Your goal »
Only the lines from the one that includes "antibiotice-iasi_38368600" through the last line below belong in the reply, copied exactly and without pictures.
━━━━━━
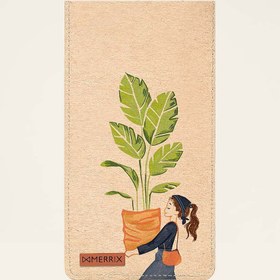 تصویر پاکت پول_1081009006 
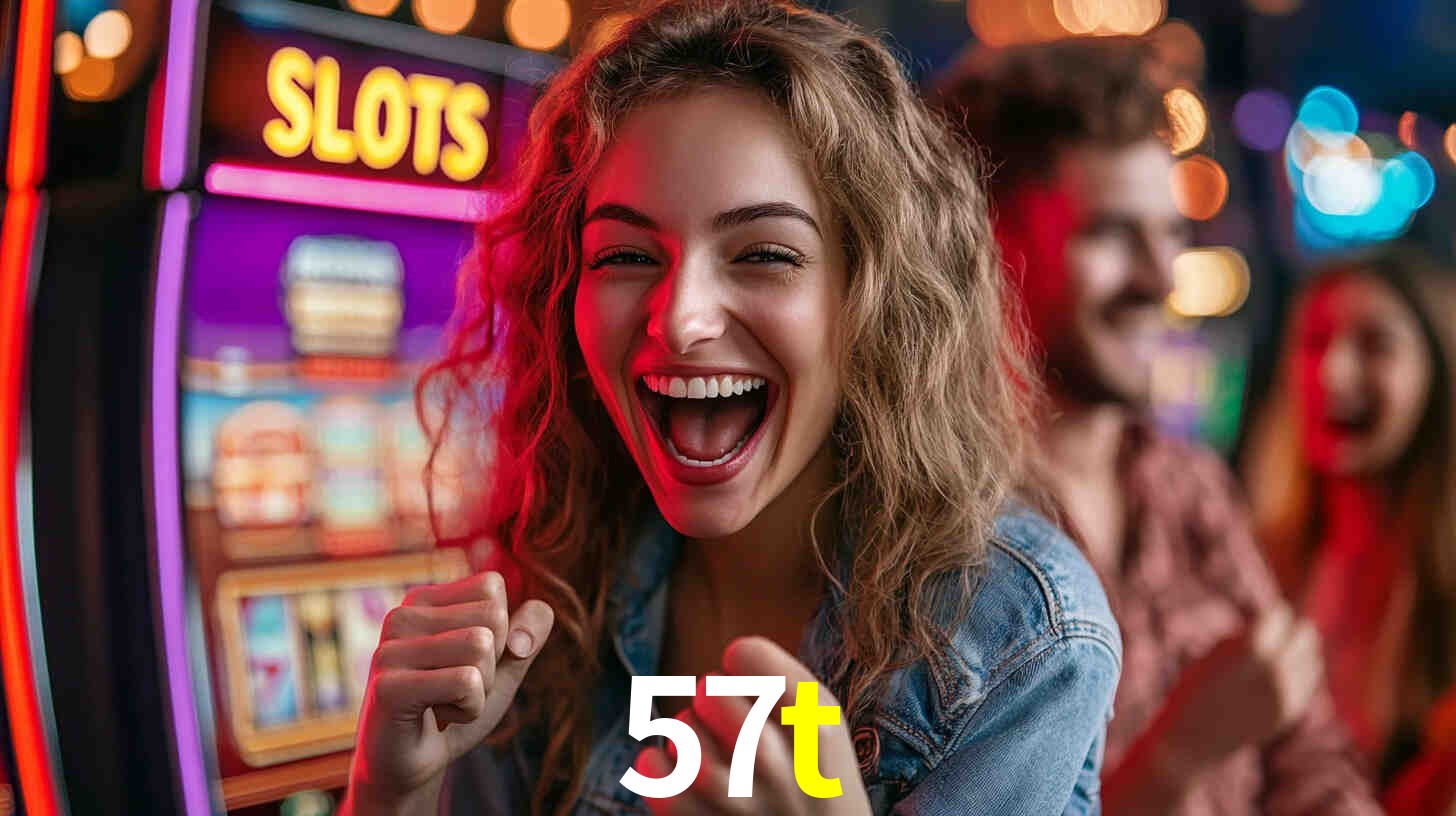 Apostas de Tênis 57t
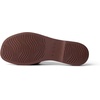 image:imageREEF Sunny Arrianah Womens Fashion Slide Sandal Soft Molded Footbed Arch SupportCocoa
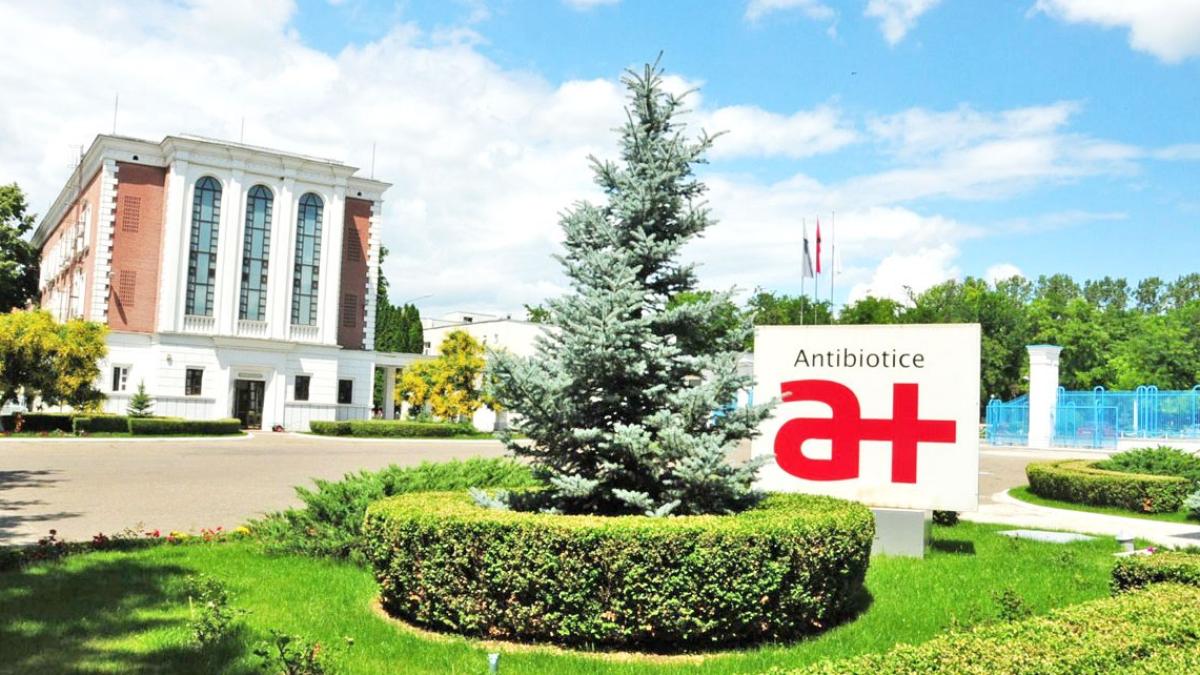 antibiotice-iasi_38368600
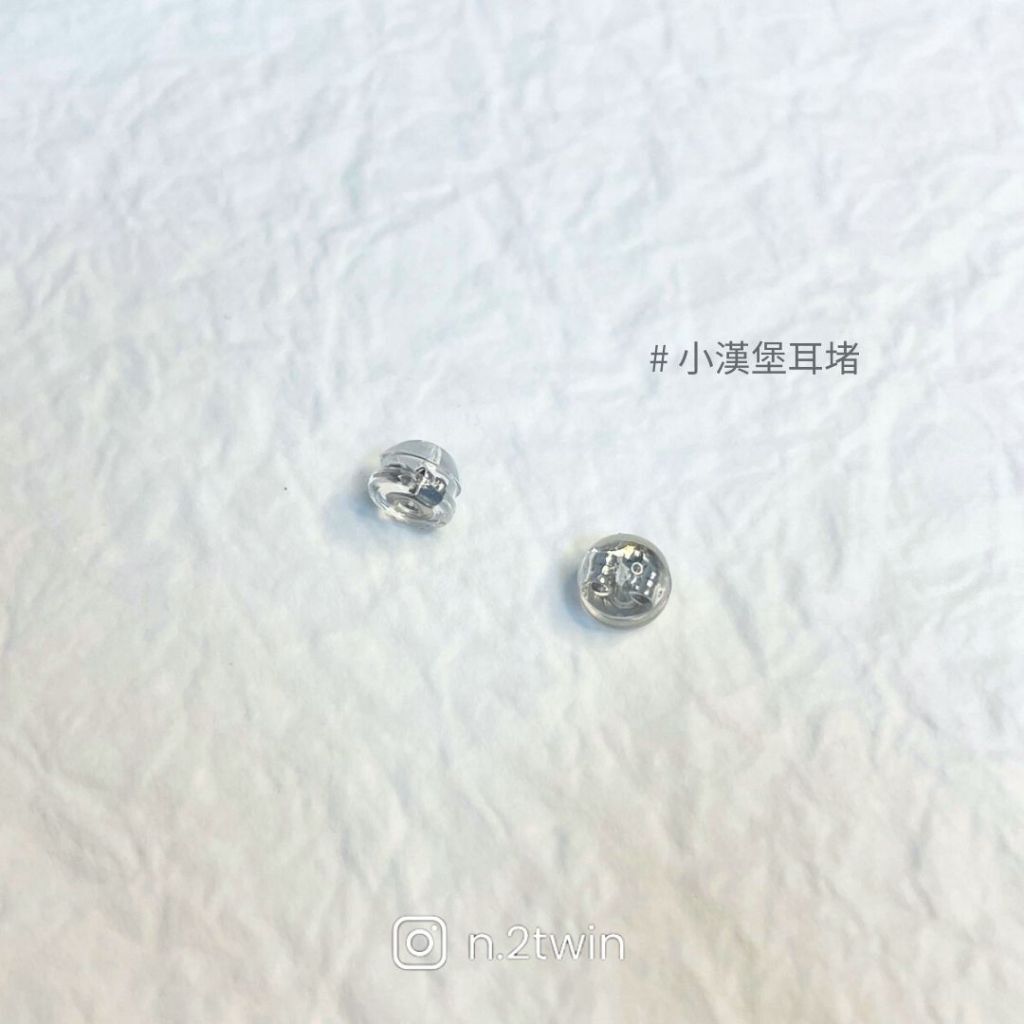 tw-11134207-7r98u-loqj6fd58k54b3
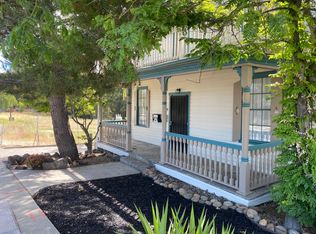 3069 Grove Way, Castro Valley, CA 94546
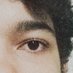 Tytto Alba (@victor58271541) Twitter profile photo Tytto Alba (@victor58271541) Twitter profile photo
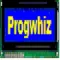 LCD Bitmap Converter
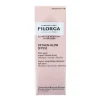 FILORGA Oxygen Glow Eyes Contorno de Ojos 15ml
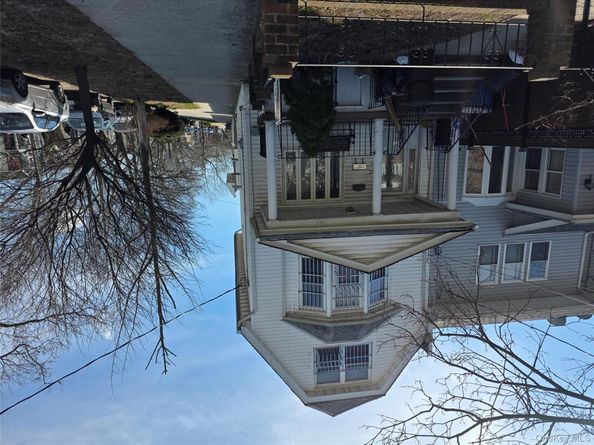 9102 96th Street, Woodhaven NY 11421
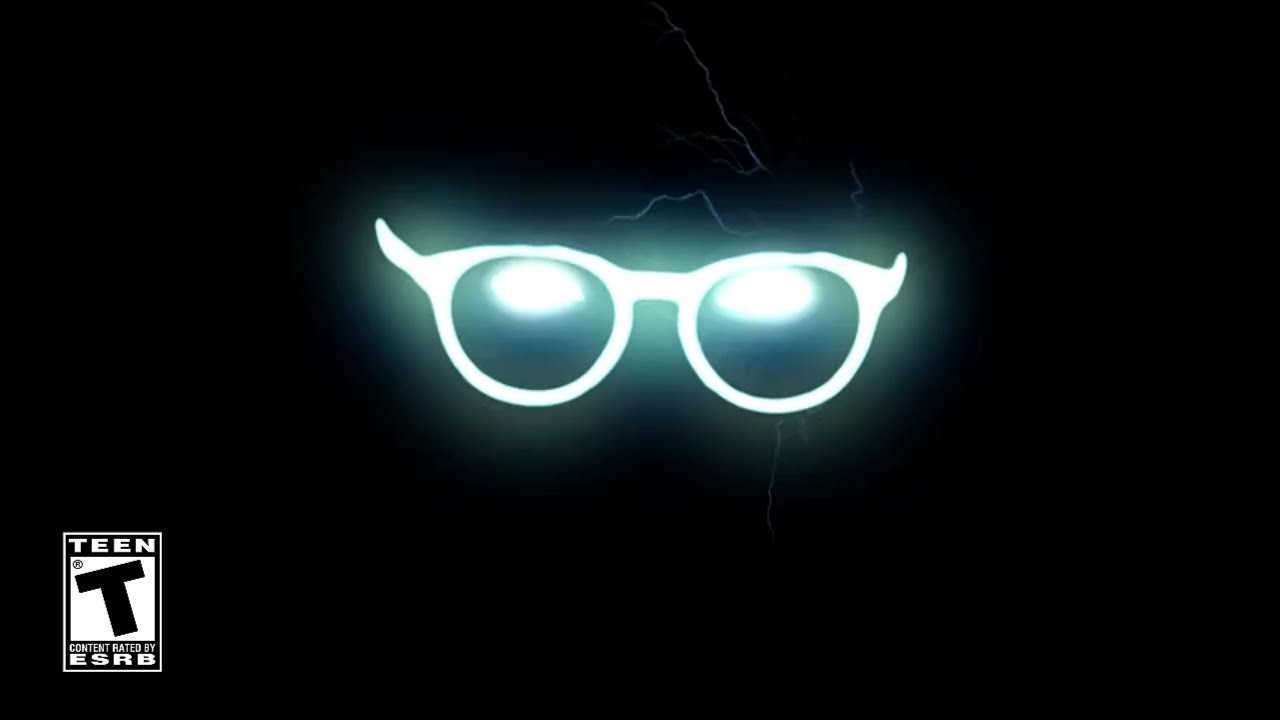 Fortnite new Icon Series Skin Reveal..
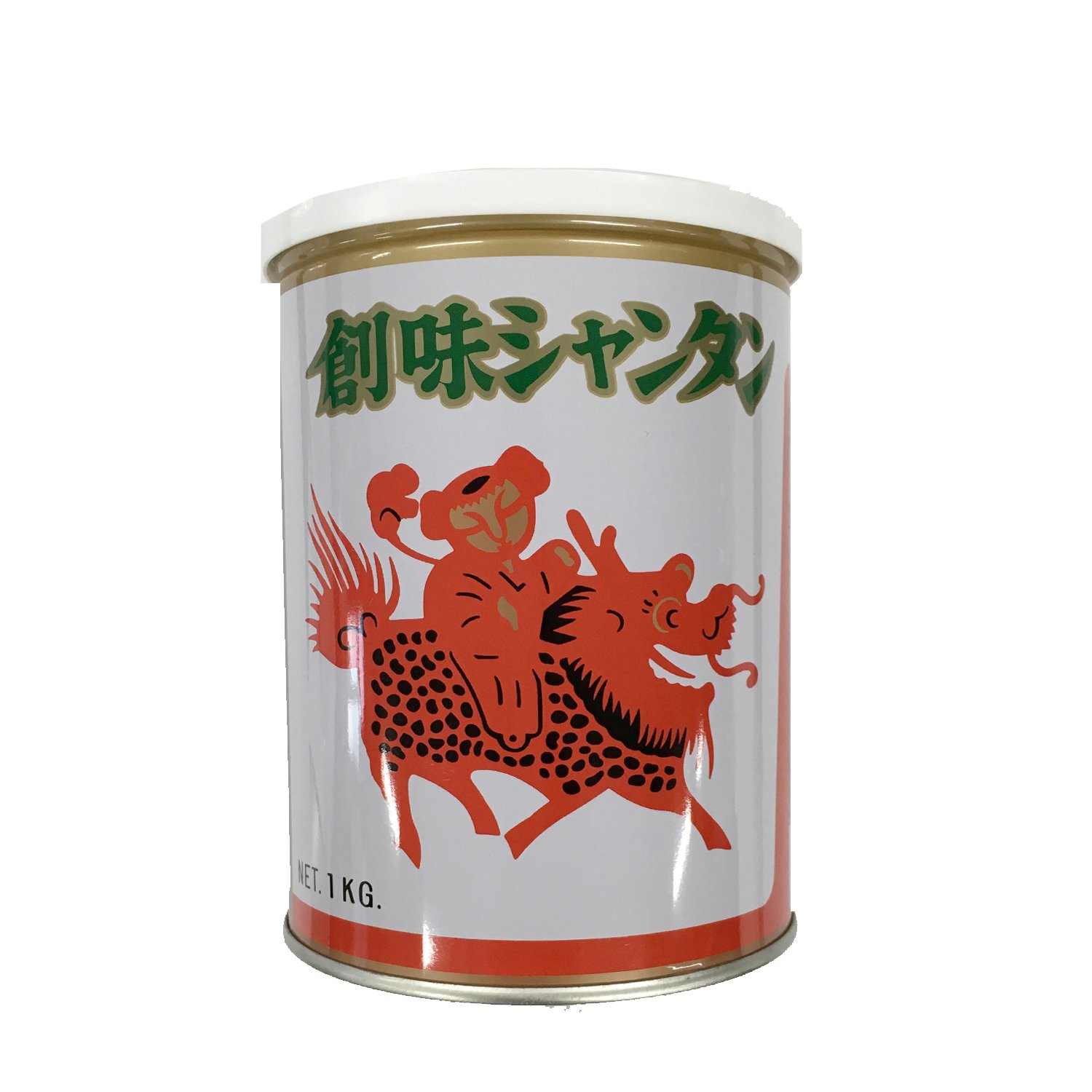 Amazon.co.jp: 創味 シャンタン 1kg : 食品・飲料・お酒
━━━━━━
Task response »
 antibiotice-iasi_38368600
 tw-11134207-7r98u-loqj6fd58k54b3
 3069 Grove Way, Castro Valley, CA 94546
 Tytto Alba (@victor58271541) Twitter profile photo Tytto Alba (@victor58271541) Twitter profile photo
 LCD Bitmap Converter
 FILORGA Oxygen Glow Eyes Contorno de Ojos 15ml
 9102 96th Street, Woodhaven NY 11421
 Fortnite new Icon Series Skin Reveal..
 Amazon.co.jp: 創味 シャンタン 1kg : 食品・飲料・お酒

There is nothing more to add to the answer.